2. Pertentangan dengan ilmu
pengetahuan
Dalam
surah Ali Imran ayat 138 Allah SWT mengatakan bahwa Al-Qur’an adalah keterangan
dan pelajaran bagi umat manusia, khususnya kaum islam. Seperti yang telah
jelaskan di atas Al-Qur’an itu diyakini sebagai perkataan Allah sendiri. Dengan
demikian, Allah-lah memberikan keterangan dan pelajaran kepada umat islam.
Karena Allah itu dipercaya sebagai mahabenar, maka keterangan dan pelajaran-Nya
pun diyakini sebagai benar. Karena itu, dalam QS al-Haqqah: 51 Allah SWT
berfirman, “Dan sungguh, Al-Qur’an itu kebenaran yang meyakinkan.”
Ada
banyak keterangan dan pelajaran yang diberikan Allah. Salah satunya adalah
proses terjadinya manusia. Pada poin kesimpulan pertama di atas kita telah
dijelaskan betapa kacaunya keterangan yang diberikan Allah. Tampak jelas adanya
inkonsistensi Allah dalam memberikan keterangan soal bahan dan proses jadinya
manusia. Bagaimana keterangan Allah ini dikaitkan atau dikonfrontasikan dengan
ilmu pengetahuan?
Sangatlah
jelas bahwa keterangan dan pelajaran yang diberikan Allah SWT adalah kacau.
Secara ilmiah, proses terjadinya manusia dalam rahim ibu tidak membutuhkan
tanah. Memang harus ada air mani yang masuk ke dalam vagina ibu, namun yang
berperan untuk proses pembuahan adalah sperma.
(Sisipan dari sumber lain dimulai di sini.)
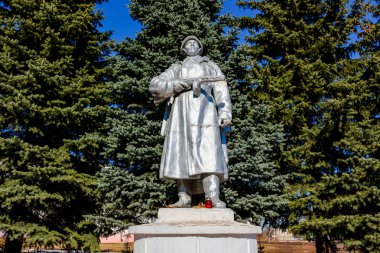 Detchino, Rusya - Mart 2016: Büyük Vatanseverlik Savaşı 1941-1945 Detchino yerleşim asker anıt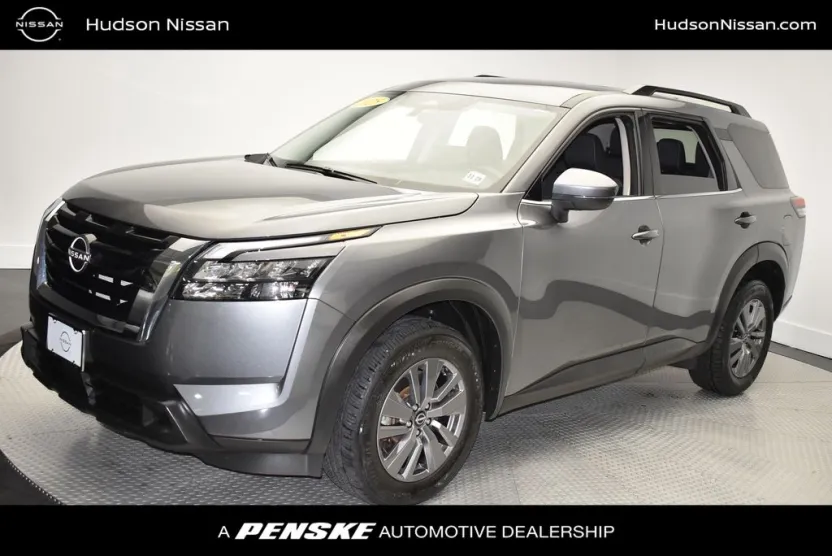 2025 Nissan Pathfinder SV photo 1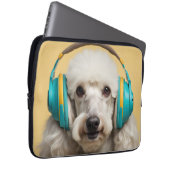 Poodle mit Kopfhörer Laptopschutzhülle (Vorne Rechts)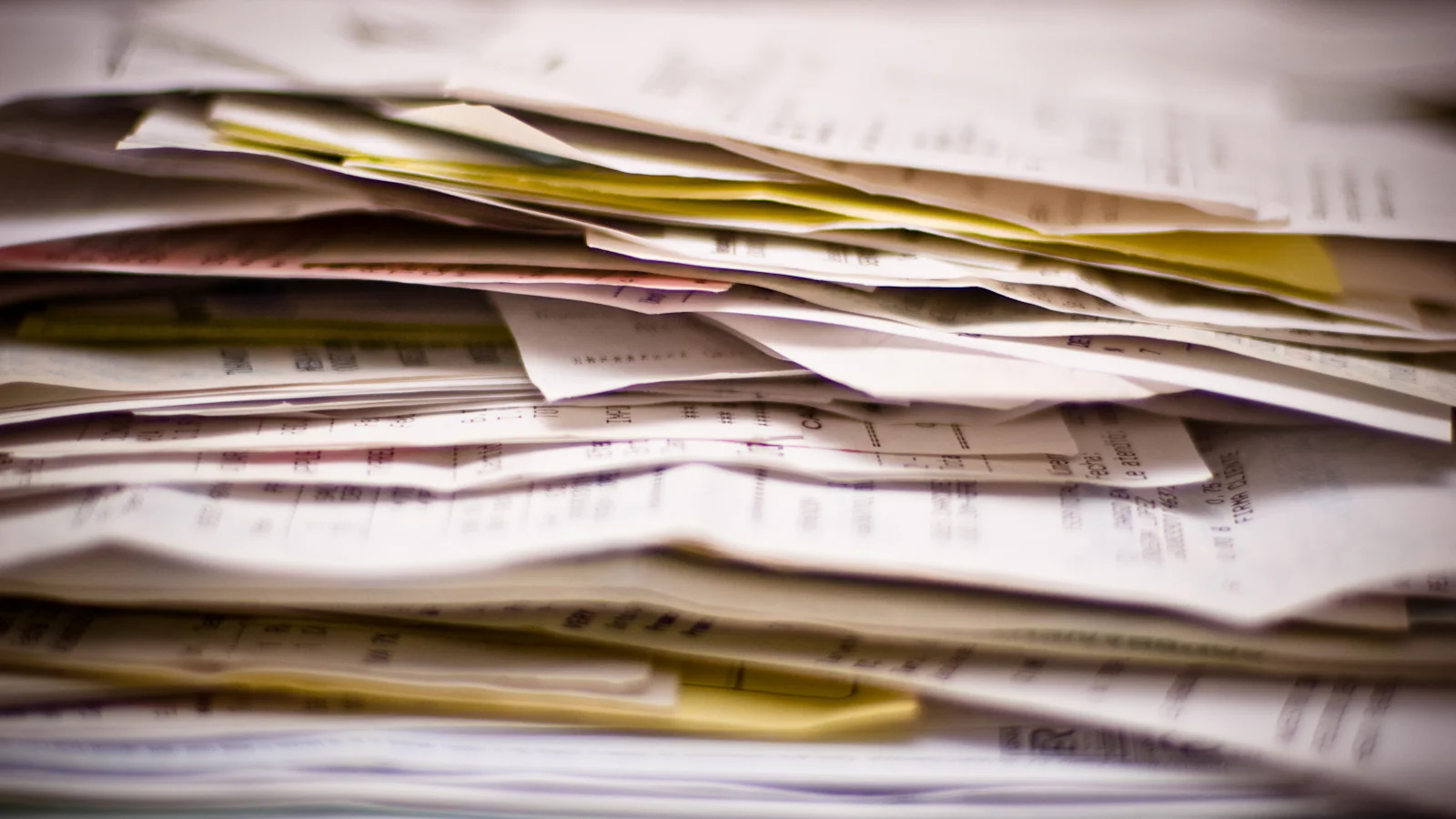 Pilha de papéis e documentos acumulados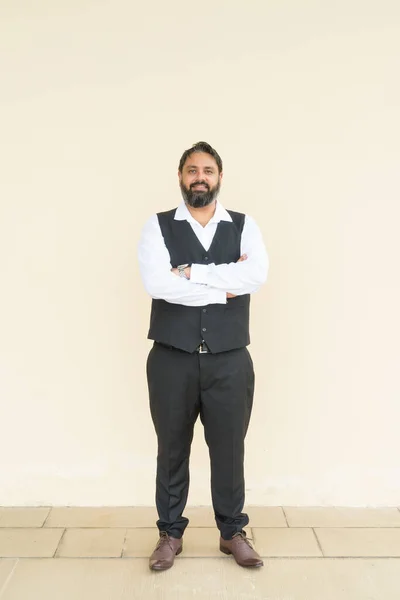 Porträt Eines Gut Aussehenden Indischen Geschäftsmannes Vor Schlichtem Hintergrund — Stockfoto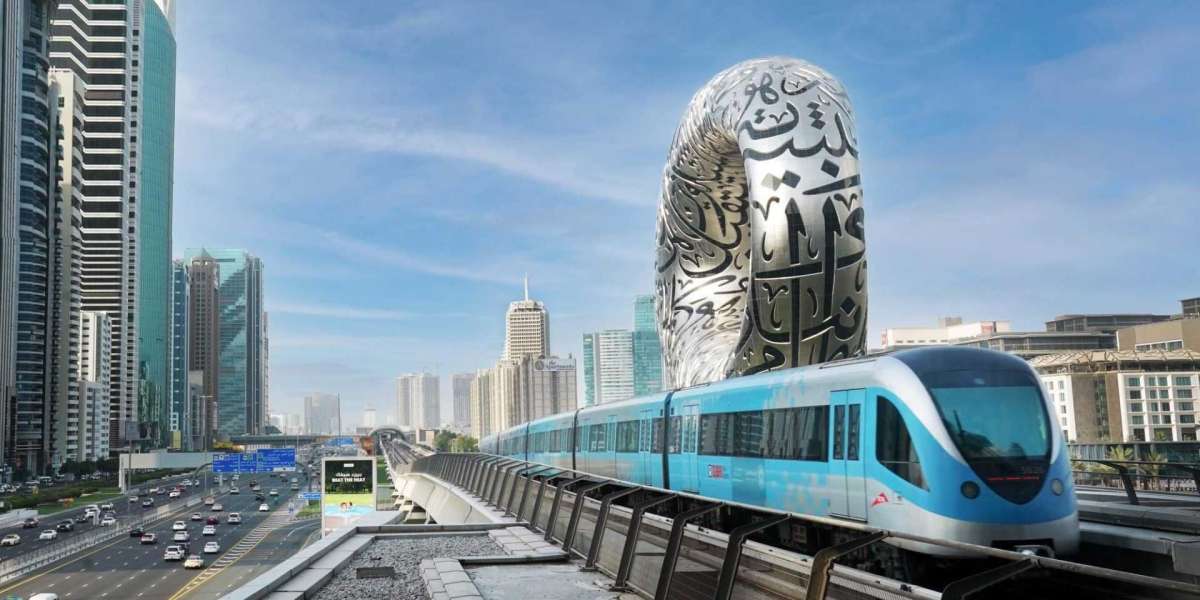 Fast Track to Dubai: Metro Routes & Insights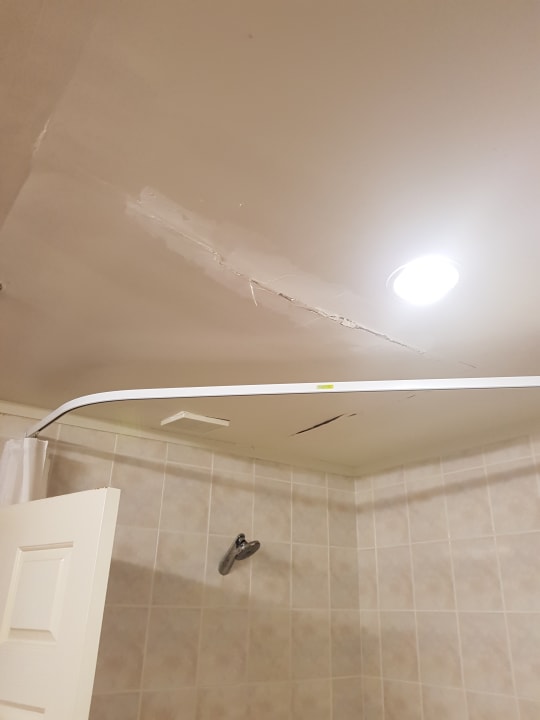 Badezimmerdecke Hotel Rydges Rotorura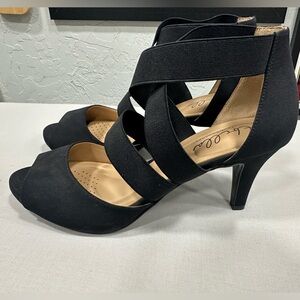 Abella True Comfort Black Strappy Heels – Size 10M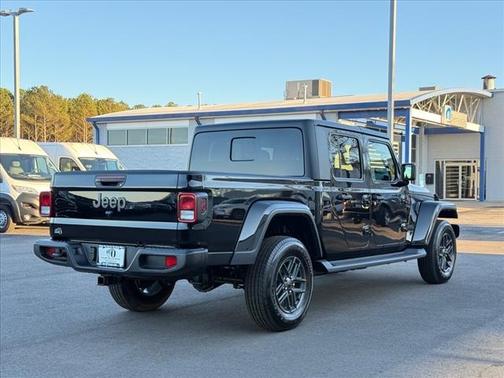 2024 Jeep Gladiator Sport S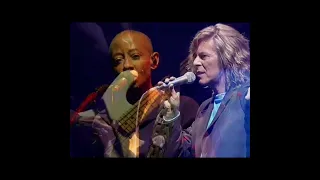 David Bowie, Gail Ann Dorsey, Life on Mars, Posthumous Duet #shorts #short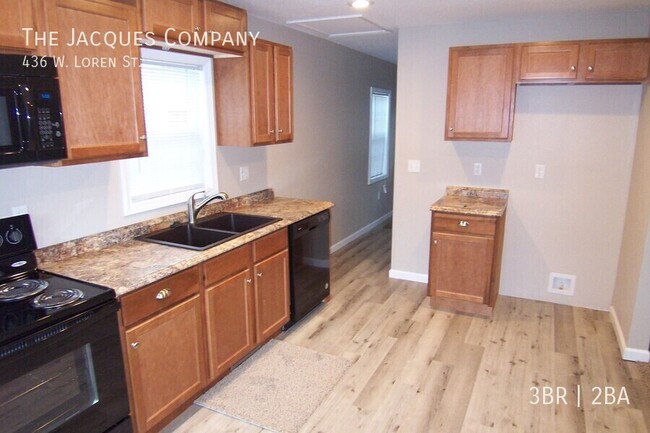 Building Photo - Newly Remodeled 3 Bedroom 2 Bath Convenien...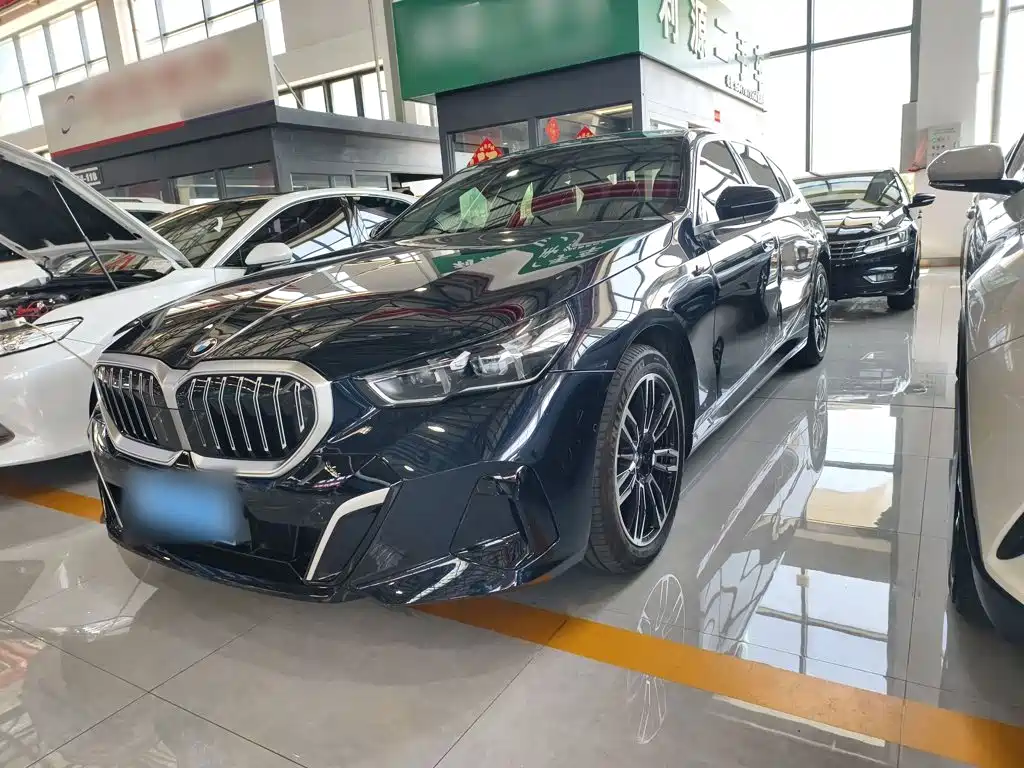 BMW 5 Series — миниатюра 2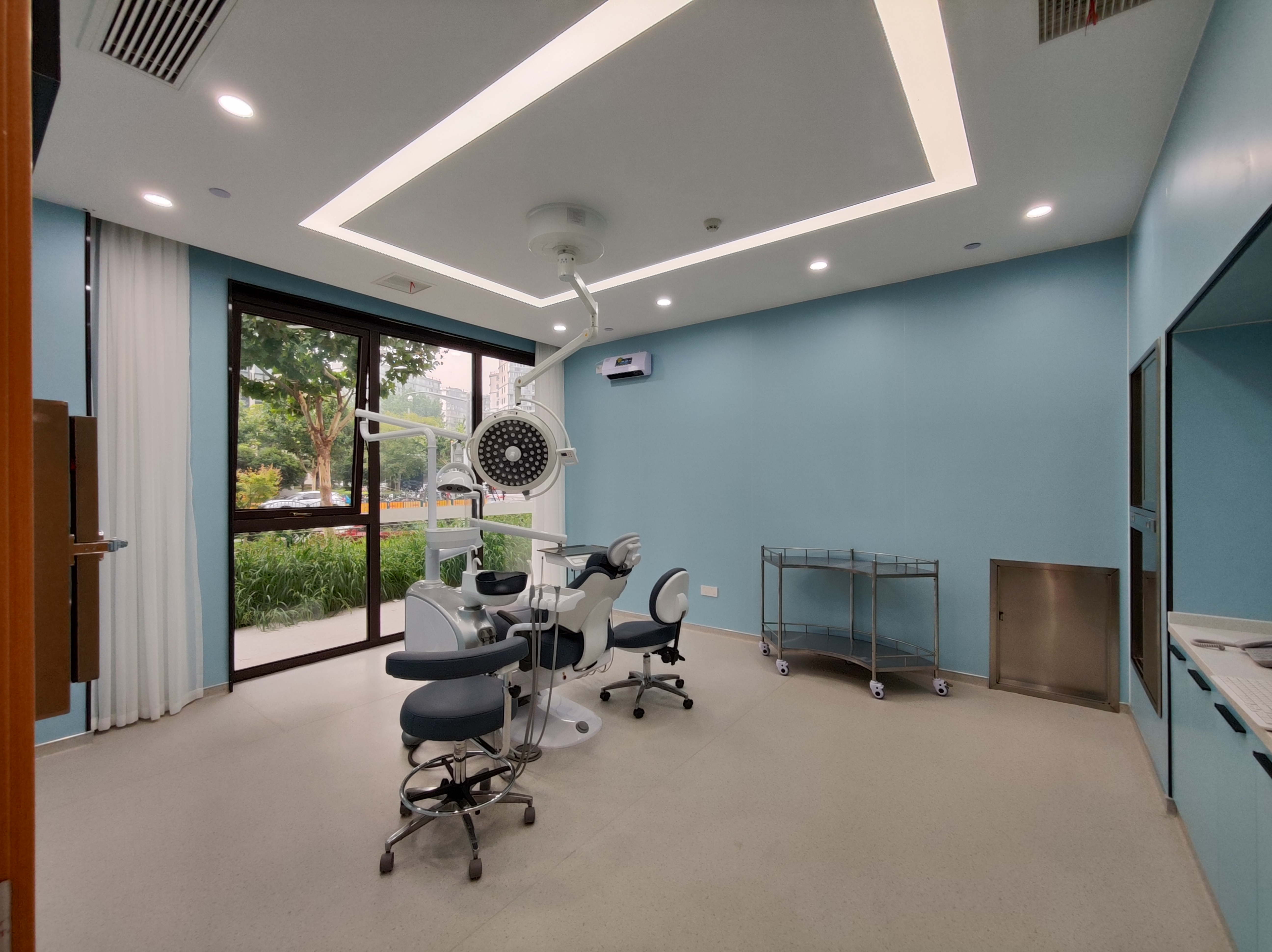 二、面对上海华齿口腔种植牙价格表，我该怎么选？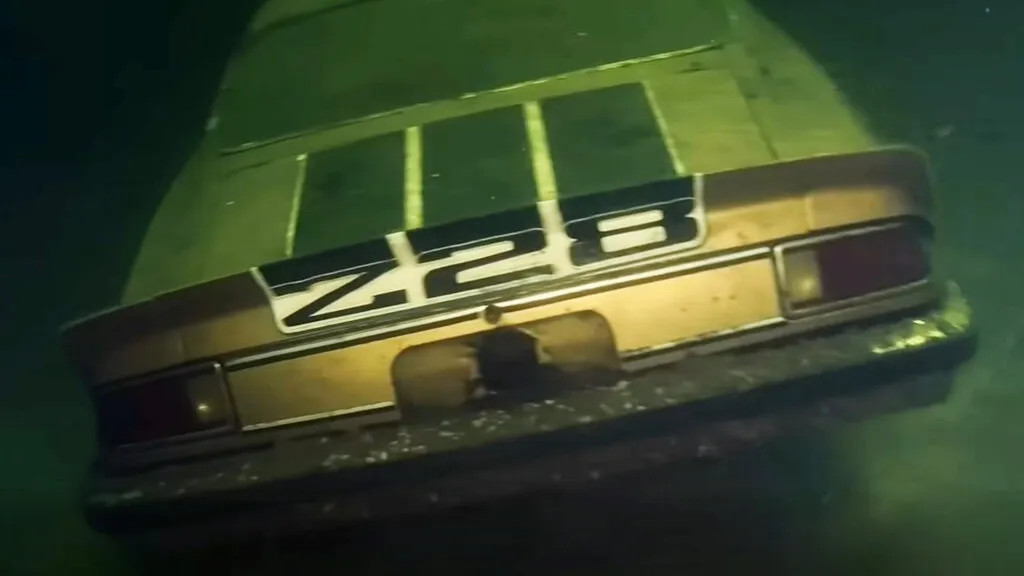 Chevrolet Camaro Z28 underwater copy 1024x576.webp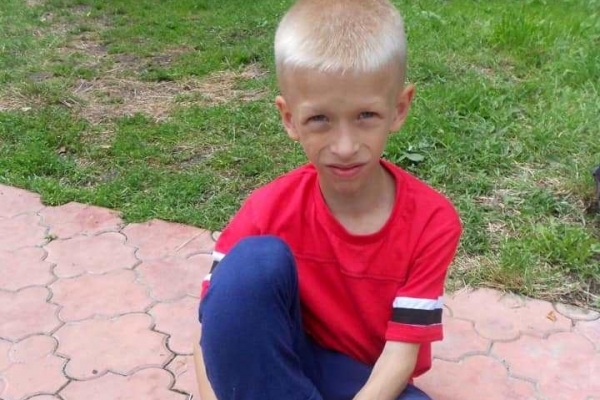 Дев'ятирічний Назар з Рівненщини потребує допомоги, щоб врятувати ніжки! 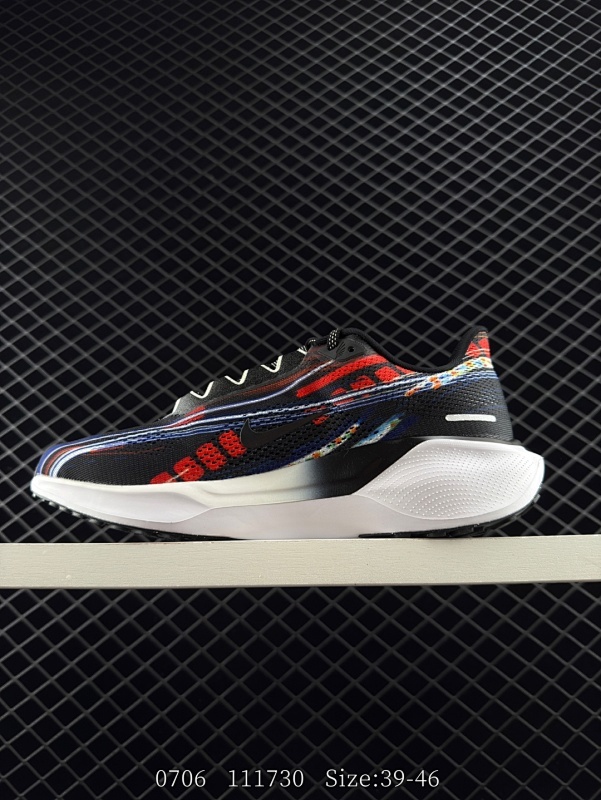 150 【公司级】颠覆式升级！Nike「飞马新鞋」触感柔软，质感升级！随着“耐克「蓝图」系列”在巴黎的盛大发布，全新一代 登月41代 Nike Pegasus 41运动老爹鞋也正式登场啦！Nike P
Jika Allah menjelaskan bahwa untuk terjadinya manusia dibutuhkan campuran bahan
tanah, mani dan segumpal darah, tidaklah demikian halnya secara ilmu pengetahuan. Berdasarkan
ilmu biologi, campuran yang dibutuhkan untuk terjadinya manusia adalah sperma dan ovum. Ilmu pengetahuan membedakan antara air mani dan sperma; tidak
semua air mani itu adalah sperma; dan sperma memang berada dalam air mani. Jika
Allah itu sungguh mahatahu, seharusnya Dia langsung mengatakan sperma, bukan
mani.
Dengan
kata lain, ilmu pengetahuan menyanggah keterangan dan pelajaran yang diberikan
Allah dalam Al-Qur’an. Bagi ilmu pengetahuan, tidak benar ada tanah dimasukkan
ke dalam vagina sebagai bahan pokok untuk menjadi manusia; tidak benar hanya
air mani langsung ditempatkan dalam rahim dan menjadi manusia.
Karena
itu, sangatlah terang benderang betapa Al-Qur’an bertentangan dengan ilmu
pengetahuan. Dunia sudah mengakui bahwa ilmu pengetahuan sudah teruji
kebenarannya. Jika kita menggunakan ilmu pengetahuan sebagai tolok ukur
penilaiannya, maka kita mendapatkan beberapa kepastian: [1] keterangan dan pelajaran Al-Qur’an tentang proses terjadinya
manusia pastilah salah. Tidak pernah
terbukti bahwa terjadinya manusia itu karena ada tanah yang dimasukkan ke dalam
vagina wanita bersamaan dengan air mani. [2]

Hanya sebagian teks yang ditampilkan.